Exercise goal | Your answer should consist only of the lines below from the one with "Sunset over Garonne" through the one with "Fototapeta premium Woman", copied exactly.

Material provided |
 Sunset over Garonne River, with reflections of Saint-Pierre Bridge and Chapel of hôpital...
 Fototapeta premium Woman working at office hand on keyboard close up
==
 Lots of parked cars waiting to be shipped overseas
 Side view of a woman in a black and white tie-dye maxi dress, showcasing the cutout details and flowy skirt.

Solution to this exercise |
 Sunset over Garonne River, with reflections of Saint-Pierre Bridge and Chapel of hôpital...
 Fototapeta premium Woman working at office hand on keyboard close up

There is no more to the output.